Headache That Worsens When Laying Down with Normal CT and MRI
This presentation suggests intracranial hypertension rather than the more common intracranial hypotension, and you should strongly consider idiopathic intracranial hypertension (pseudotumor cerebri) or a "rebound headache" phenomenon if the patient recently received treatment for a CSF leak.
Understanding the Atypical Presentation
The key clinical feature here is the reversal of typical orthostatic headache patterns. This is critical to recognize:
- Classic intracranial hypotension: Headache worsens when upright, improves when lying down 1, 2
- Your patient's presentation: Headache worsens when lying down, which suggests elevated rather than low CSF pressure 3
Primary Diagnostic Consideration: Post-Treatment Rebound Headache
If this patient recently underwent epidural blood patch or fibrin glue treatment for suspected intracranial hypotension, this is likely a rebound headache from overcorrection:
- Rebound headaches occur in approximately 25% of patients following CSF leak treatment, typically within 1-2 days post-procedure 3
- The hallmark is characteristic reversal of orthostatic symptoms: relief in upright position, worsening when recumbent 3
- Headache location often shifts from occipital (typical in spontaneous intracranial hypotension) to frontal, periorbital, or retroorbital regions 3
- Associated features include nausea, vomiting, and blurry vision 3
Management of Rebound Headache
Conservative management is the appropriate first-line approach, as these headaches are typically self-limited:
- Acetazolamide is the preferred pharmacologic intervention, as it lowers CSF production and ameliorates symptoms 3
- Avoid repeat imaging or additional blood/fibrin patches, as these will further elevate CSF pressure and worsen the condition 3
- For severe refractory cases: CSF drainage via lumbar puncture or lumbar drain 3
Alternative Diagnosis: Idiopathic Intracranial Hypertension (If No Recent Treatment)

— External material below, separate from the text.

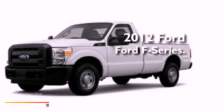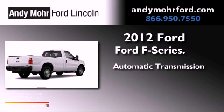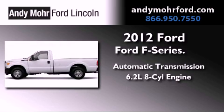This is a brand new 2012 Ford F-Series. This truck has an automatic transmission, a 6.2-liter V8, and 4-wheel drive.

If there is no history of recent CSF leak treatment, consider idiopathic intracranial hypertension (pseudotumor cerebri):
- This condition presents with headaches that worsen with recumbent position and Valsalva maneuvers
- Normal CT and MRI do not exclude this diagnosis, though subtle findings (empty sella, optic nerve sheath distension) may be present
- Diagnostic lumbar puncture with opening pressure measurement is essential to confirm elevated CSF pressure (>25 cm H2O)

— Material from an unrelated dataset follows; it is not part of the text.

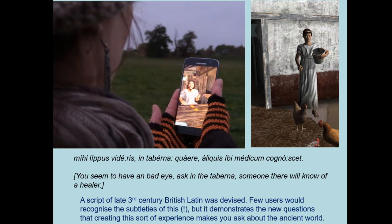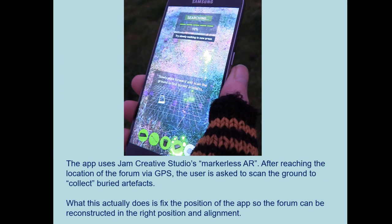The app uses what Jam Creative Studios called Markless AR, which effectively uses the phone's camera, gyroscope, and accelerometer to ensure that the real-world movement of the user is tracked by the virtual environment on their phone. You're guided by GPS to the start of the experience and then carry out a treasure hunt scanning the ground for objects — collecting buried artefacts which inform the story. What this actually does is fix the position of the app so the forum is then reconstructed in the right place.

- Treatment includes weight loss, acetazolamide, and in refractory cases, CSF diversion procedures
Critical Pitfall to Avoid
Do not mistake rebound headache symptoms as refractory spontaneous intracranial hypotension 3. This error leads to:
- Unnecessary repeat imaging
- Additional blood/fibrin patch procedures that exacerbate the elevated CSF pressure
- Prolonged patient suffering from iatrogenic worsening
Diagnostic Algorithm
Step 1: Obtain detailed procedural history
- Has the patient undergone epidural blood patch or fibrin glue treatment in the past 1-2 weeks? 3
Step 2: If recent treatment occurred
- Diagnose rebound headache clinically based on symptom reversal 3
- Initiate acetazolamide 3
- Provide reassurance that symptoms are self-limited
- Reserve CSF drainage for severe refractory cases 3
Step 3: If no recent treatment
- Perform lumbar puncture with opening pressure measurement
- If elevated pressure (>25 cm H2O): Diagnose idiopathic intracranial hypertension
- If normal pressure: Consider other causes (migraine variants, medication overuse headache, cervicogenic headache)
When Additional Imaging Is NOT Indicated
The ACR guidelines explicitly state there is no role for additional CT or MRI imaging in the setting of post-treatment rebound headaches 3. The normal initial imaging already excludes structural pathology, and repeat imaging will not change management.